San qiang pai an jing qi (A Woman, A Gun And A Noodle Shop)
People’s Republic of China, Hong Kong, China
Director: Zhang Yimou
Wang runs a little noodle shop in a small desert town near Jiayu Pass not far from the Great Wall. He lives in his shop with his wife and their staff. But life with Wang is far from pleasant: he’s a real skinflint who only thinks about himself, and he sometimes doesn’t pay his staff for months on end. His wife also suffers at the hands of this domestic tyrant, although a discrete affair with Li, the shy cook, helps her to bear her lot in life.

Shahada
Germany
Director: Burhan Qurbani
This episodic film revolves around Maryam, Samir and Ismail, three young Muslims living in Berlin. During the course of their stories, their faith, and their value systems begin to falter. The film portrays three people forced by circumstances to find a new path in life and to ask themselves who they are, who they love and what they believe in. Their paths cross at a mosque led by the enlightened Imam, Vedat.

Shekarchi (The Hunter)
Germany, Iran
Director: Rafi Pitts
Ali has recently been released from prison and is now working as a night watchman in Tehran. This factory job now means that he is at least able to support his small family comprising his wife Sara and their daughter, Saba. One day, Ali comes home from work to discover that Sara and Saba have disappeared.

Submarino
Denmark
Director: Thomas Vinterberg
The story of two brothers who lose track of each other after an unstable childhood until they meet up again in prison is the focus of former ‘Dogma’ director Thomas Vinterberg’s film based on a book by Jonas T. Bengtsson, a Danish novelist celebrated for his unflinching realism. The film’s title refers to an horrific method of torture known as ‘submarino’ in which the target’s head is held under water to just before the point of drowning.

The Ghost Writer
France, Germany, United Kingdom
Director: Roman Polanski
‘The Ghost’ – a successful British ghostwriter – has been asked to write the memoirs of Prime Minister Adam Lang. The publishers have promised Lang millions for his book and time is running out. For the ghost the assignment means a giant leap in his career, and a princely fee. But the project is ill-fated from the outset, not least because the first writer, Lang’s long-standing advisor, has just been killed in a tragic accident.

The Killer Inside Me
USA, United Kingdom
Director: Michael Winterbottom
A neo-noir adaptation of a hard-boiled pulp classic, Michael Winterbottom’s new film is based on a novel by Oklahoma-born crime writer Jim Thompson (1906 –1977) who worked as a screenwriter for Stanley Kubrick and furnished screenplays for films such as THE GETAWAY (Sam Peckinpah, 1972), COUP DE TORCHON/CLEAN SLATE (Bertrand Tavernier, 1981) and THE GRIFTERS (Stephen Frears, 1990). ‘The Killer Inside Me’, which appeared in 1952 and was brought to the screen in 1976 by Burt Kennedy with Stacy Keach in the lead, is one the most personal works by this often underestimated writer, whose father was a sheriff in Oklahoma until he was accused of embezzlement and escaped to Mexico.

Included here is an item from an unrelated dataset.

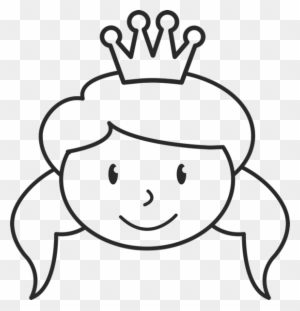Girl Face With Crown And Pigtails Stamp - Stick Figure Girl Head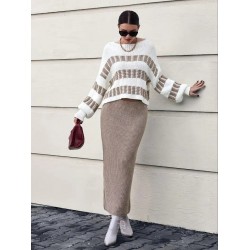 Kadın Uzun Kollu Kayık Yakalı Salaş Triko Bluz Ve Etek Ikili Takım , 30929 Kadın Uzun Kollu Kayık Yakalı Salaş Triko Bluz Ve Etek Ikili Takım , 30929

Tuan Yuan (Apart Together)
People’s Republic of China
Director: Wang Quan’an
Over fifty years after the proclamation of the People’s Republic of China on the Chinese mainland and the founding of the island republic of Taiwan, permission is given for the first time for a group of ex-soldiers of the National People’s Party or Kuomintang to travel from Taiwan to China and be reunited with family members in Shanghai. These soldiers fought bitterly against Communist troops during China’s civil war from 1927 onwards, until they were forced to retreat to Taiwan in 1949. One of the comrades-in-arms travelling with the group to his former home in Shanghai is an ageing soldier named Lui Yansheng. His reason for embarking on this journey is not to see the family members he left behind on the mainland but to find the one and only love of his life, Qiao Yu’e, whom he was obliged to leave behind in Shanghai without a word of farewell, and their son, who was born after he took flight.

—–

Like I said the award ceremony is tomorrow night and I will be posting the results in Zombie Room naturally.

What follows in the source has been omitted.